L’opéra russe atteint sa maturité avec deux œuvres de Mikhaïl Glinka : l’une historique, la Vie pour le tsar (1836), et un conte de fées, Rouslan et Lioudmila (1842), qui servent de modèles aux compositeurs russes pendant tout le xixe siècle, notamment du fait de leurs rythmes déclamatoires et de l’emploi de musiques traditionnelles russes. Les opéras épiques et fantastiques de Nikolaï Rimski-Korsakov illustrent aussi l’importance de l’héritage de Glinka. C’est toutefois Boris Godounov (1874) de Modest Moussorgski, d’après Alexandre Pouchkine, qui semble s’approcher au plus près de l’âme romantique tourmentée ; le compositeur y invente de nouvelles règles musicales afin de retranscrire chaque émotion humaine et dresse un portrait sensible et passionné du peuple russe. Également tirés de l’œuvre de Pouchkine, Eugène Onéguine (1879) et la Dame de pique (1890) inscrivent Piotr Tchaïkovski dans le courant romantique russe ; vigoureusement anti-wagnérien, ce dernier exprime par ailleurs dans sa musique un sentiment d’impuissance de l’homme face au destin qui pèse sur lui. Parmi les principaux compositeurs d’opéra romantique des pays de l’Est figurent le Hongrois Ferenc Erkel (László Hunyadi, 1844), le Polonais Stanislaw Moniuszko (Halka, 1848) ou encore le Tchécoslovaque Bedřich Smetana (la Fiancée vendue, 1866).
La Neuvième Symphonie (1824) de Beethoven provoque un bouleversement dans l’histoire de la forme symphonique : certains compositeurs s’efforcent désormais d’imprimer une dimension délibérément romantique à leurs symphonies, à l’image de Felix Mendelssohn-Bartholdy ou de Robert Schumann ; d’autres en revanche affirment que les romantiques n’ont d’autre choix que de trouver des voies entièrement nouvelles pour la musique symphonique.

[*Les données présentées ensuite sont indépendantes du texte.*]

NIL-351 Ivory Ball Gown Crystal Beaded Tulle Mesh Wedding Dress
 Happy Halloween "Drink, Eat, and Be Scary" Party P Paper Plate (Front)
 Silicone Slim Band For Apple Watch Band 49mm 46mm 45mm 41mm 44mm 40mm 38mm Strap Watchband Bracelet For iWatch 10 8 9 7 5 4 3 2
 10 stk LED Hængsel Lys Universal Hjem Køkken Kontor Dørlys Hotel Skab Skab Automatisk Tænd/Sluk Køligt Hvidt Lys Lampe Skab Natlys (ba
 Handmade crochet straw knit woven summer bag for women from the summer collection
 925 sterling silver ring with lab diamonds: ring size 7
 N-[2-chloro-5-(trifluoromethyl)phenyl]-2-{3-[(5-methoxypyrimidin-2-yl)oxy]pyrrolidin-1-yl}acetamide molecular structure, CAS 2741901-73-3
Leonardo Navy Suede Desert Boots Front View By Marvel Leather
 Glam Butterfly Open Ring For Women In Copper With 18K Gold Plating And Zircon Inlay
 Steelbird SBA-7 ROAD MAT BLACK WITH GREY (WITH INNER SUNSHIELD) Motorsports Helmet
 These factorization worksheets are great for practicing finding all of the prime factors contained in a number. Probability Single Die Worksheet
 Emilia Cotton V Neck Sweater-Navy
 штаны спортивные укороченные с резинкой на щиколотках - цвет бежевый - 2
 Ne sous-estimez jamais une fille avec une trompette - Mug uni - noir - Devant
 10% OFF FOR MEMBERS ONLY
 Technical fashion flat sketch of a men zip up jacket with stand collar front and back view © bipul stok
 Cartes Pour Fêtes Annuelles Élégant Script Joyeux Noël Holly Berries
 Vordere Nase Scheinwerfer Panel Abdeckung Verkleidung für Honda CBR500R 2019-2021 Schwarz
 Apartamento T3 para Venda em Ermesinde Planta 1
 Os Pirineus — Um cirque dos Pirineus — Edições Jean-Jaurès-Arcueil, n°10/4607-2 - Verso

Hector Berlioz répond à ce débat en composant des symphonies dramatiques en rupture avec les schémas traditionnels : à chaque mouvement correspond une émotion, et l’ensemble constitue une variation autour d’un thème. En effet, l’une des caractéristiques du romantisme est que chaque œuvre requiert une forme nouvelle et unique. La Symphonie fantastique (1830), qui met en scène l’amour de Berlioz pour une actrice shakespearienne (Harriet Smithson), relève d’une imagination à la fois érotique, pastorale et diabolique. Pour les jeunes romantiques français, William Shakespeare incarne une émancipation possible des contraintes de la tragédie classique française. Dans Harold en Italie (1834) — symphonie évoquant la vie de Lord Byron, archétype du héros romantique solitaire, passionné et tourmenté —, un alto solo flâne à travers un paysage et des scènes sans parvenir à s’y mêler musicalement ; l’instrument représente en fait le hors-la-loi byronien, certes libre des contraintes classiques, mais par là-même isolé et en proie à la mélancolie. Roméo et Juliette (1838) reprend le concept shakespearien de formes ouvertes pour construire une structure symphonique lâche. Le compositeur y emploie la technique de la Neuvième Symphonie en incluant des voix pour énoncer l’essence de la tragédie ; la scène d’amour, toutefois, est confiée au seul orchestre.
Aux côtés de Berlioz, Franz Liszt est l’un des initiateurs du poème symphonique, nouveau genre musical généralement composé d’un unique mouvement et inspiré par un thème, un personnage ou un texte littéraire. Au fil d’œuvres telles que Hamlet (1858), la Faust-Symphonie (1857), la Dante-Symphonie (1857) ou la Sonate pour piano en si mineur (créée en 1857), le compositeur hongrois entend « donner de la pensée » à la musique ; en cela, le poème symphonique, articulé autour d’un leitmotiv (motif musical permettant d’identifier un personnage, le héros par exemple), est à rapprocher de la musique à programme.